Livre Sterling (GBP) : La livre a montré des signes de faiblesse, chutant avant le week-end à près de 1,3260 dollar, son plus bas niveau en deux mois. Elle semblait sur le point de baisser davantage, mais l’escalade des tensions sino-américaines l’a ramenée à 1,3370 dollar. Elle s’est stabilisée au-dessus du plus bas du mois dernier (environ 1,3325-35 dollar), ce qui contribue à un ton technique plus positif. Elle a atteint le retracement de 38,2 % des pertes de ce mois-ci (environ 1,3365 dollar). Lors d’un repli ce lundi, elle a trouvé un soutien proche de 1,3315 dollar. Le Royaume-Uni publiera ses données sur l’emploi demain. Une clôture sous 1,3320 dollar pourrait signaler un retour vers la zone des 1,3260 dollar.

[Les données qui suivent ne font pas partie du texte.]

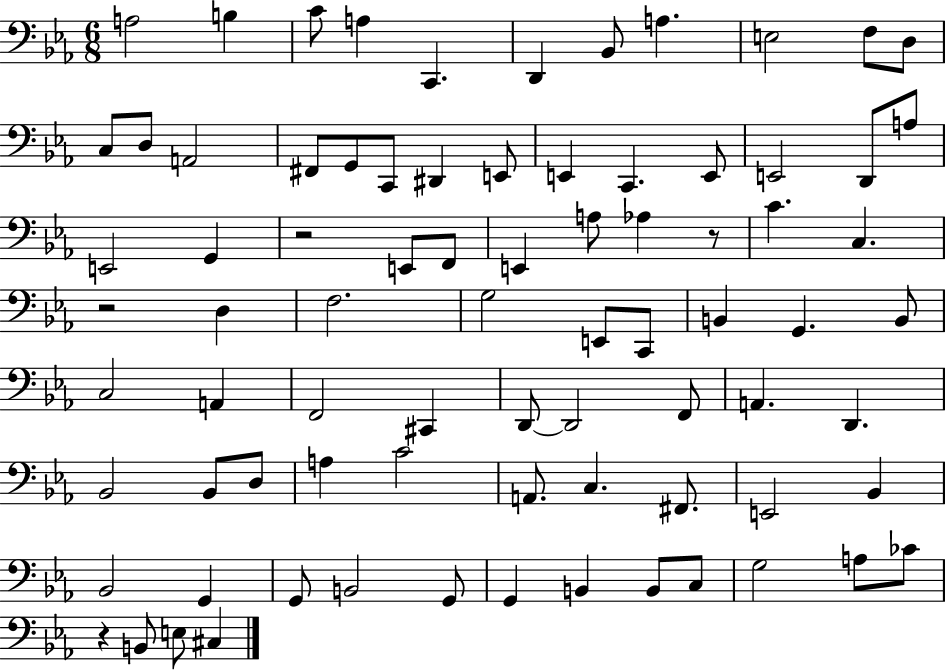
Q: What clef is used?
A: bass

Dollar canadien (CAD) : Les marchés canadiens étaient fermés ce lundi. Le billet vert a stagné lors des deux dernières séances près de 1,4035 dollar canadien (CAD). Il s’agit du niveau le plus élevé depuis avril, dépassant légèrement le retracement de 38,2 % de la baisse de cette année (situé autour de 1,4020 CAD). Les données sur l’emploi au Canada, meilleures que prévu, n’ont pas réussi à ramener le dollar américain sous sa moyenne mobile à 200 jours (environ 1,3975 CAD). Il oscillait autour de 1,40 CAD dans les dernières heures de la semaine dernière. Une cassure du plateau autour de 1,3920 CAD serait nécessaire pour suggérer qu’un plus haut est établi. Il s’est échangé ce lundi entre environ 1,3985 CAD et 1,4010 CAD.

Dollar australien (AUD) : Le ton plus faible du dollar américain ne s’est pas répercuté sur le dollar australien avant le week-end. Il s’agissait de la devise du G10 la plus faible, perdant un peu plus de 1 % pour revenir à des niveaux (environ 0,6480 dollar) qu’elle n’avait pas atteints depuis août dernier. Aucune vente supplémentaire n’a eu lieu ce lundi, et le dollar australien a atteint près de 0,6535 dollar, retraçant légèrement plus (38,2 %) ses pertes depuis le plus haut de jeudi dernier, près de 0,6610 dollar. Le retracement de 50 % se situe autour de 0,6540 dollar.

Peso mexicain (MXN) : L’aversion au risque avant le week-end a pénalisé le peso mexicain, sa baisse de 1 % étant la plus forte depuis fin juillet. Le réal brésilien a été encore plus touché, chutant de près de 2,4 %. Les inquiétudes budgétaires au Brésil ont alimenté cette tendance, tandis que le Mexique a signalé une baisse inattendue de sa production industrielle en août (-0,3 % contre une prévision médiane de +0,4 % dans l’enquête Bloomberg). Néanmoins, l’aversion au risque explique en partie la baisse de 0,66 % de l’indice des devises des marchés émergents JP Morgan, sa plus forte baisse journalière depuis fin juillet. Le dollar avait atteint 18,6050 MXN avant le week-end, son plus haut niveau en un mois, et se situait légèrement au-dessus du retracement de 50 % des pertes du billet vert depuis le 1er août. Le dollar s’est maintenu principalement en dessous de 18,54 MXN ce lundi, trouvant un soutien légèrement au-dessus de 18,44 MXN.